Kinks in Finite Volume

TL;DR

This paper develops a method to calculate multi-kink energy levels in finite volume for integrable (1+1)-dimensional quantum field theories with degenerate vacua, and validates it against numerical results for the tricritical Ising model.

Contribution

It introduces a technique to compute finite-volume multi-kink energies using the factorizable S-matrix in integrable theories, with applications to the tricritical Ising model.

Findings

Analytical predictions match numerical results for kink scattering theories.

The method distinguishes between different proposed S-matrices for the subleading magnetic perturbation.

Exact calculations are feasible up to exponentially suppressed off-shell and tunneling effects.

Abstract

A (1+1)-dimensional quantum field theory with a degenerate vacuum (in infinite volume) can contain particles, known as kinks, which interpolate between different vacua and have nontrivial restrictions on their multi-particle Hilbert space. Assuming such a theory to be integrable, we show how to calculate the multi-kink energy levels in finite volume given its factorizable $S$-matrix. In massive theories this can be done exactly up to contributions due to off-shell and tunneling effects that fall off exponentially with volume.

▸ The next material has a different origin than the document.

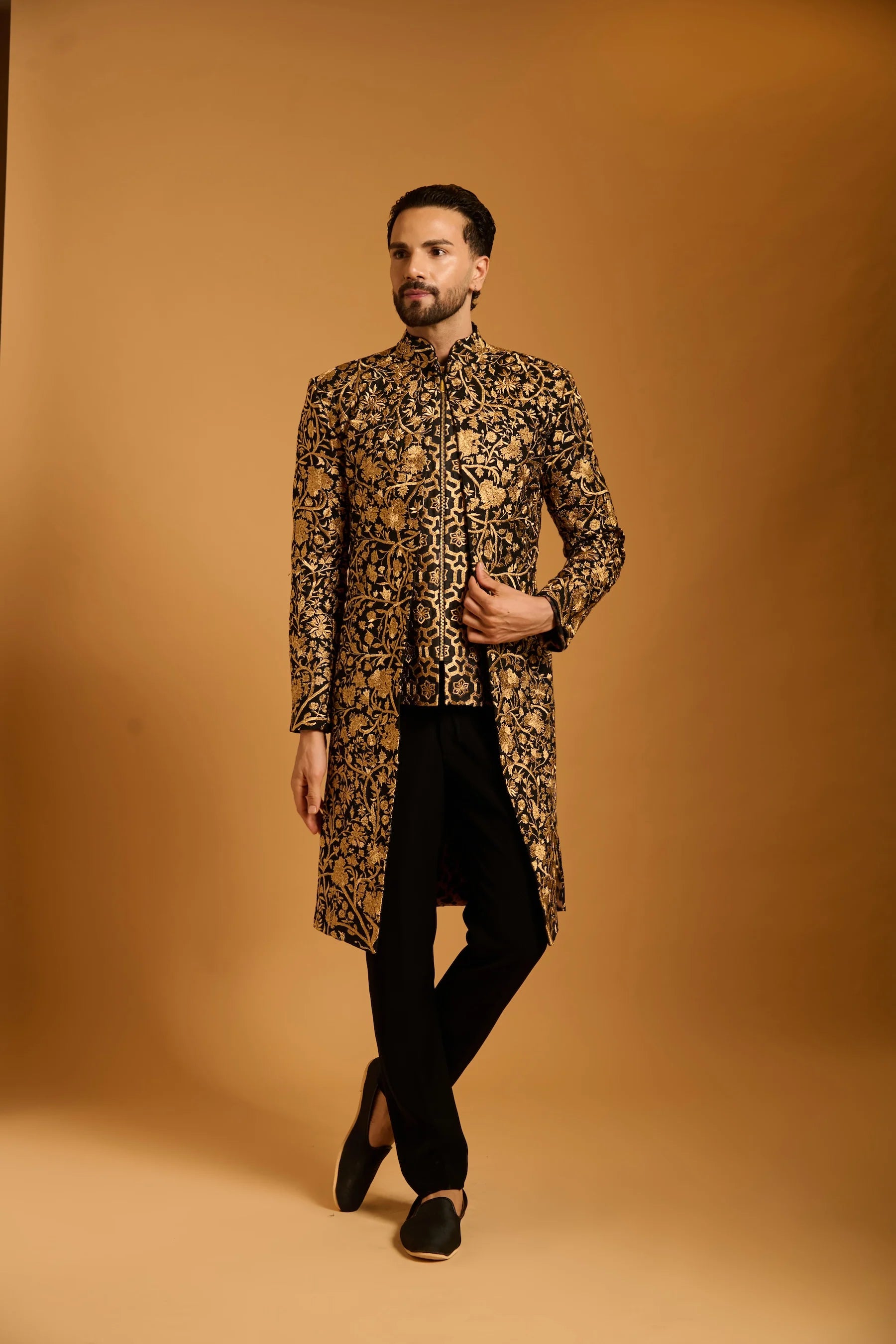 Trifecta black tree of life zari sherwani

As a first application we compare our analytical predictions for the kink scattering theories conjectured to describe the subleading thermal and magnetic perturbations of the tricritical Ising model with numerical results from the truncated conformal space approach. In particular, for the subleading magnetic perturbation our results allow us to decide between the two different $S$-matrices proposed by Smirnov and Zamolodchikov.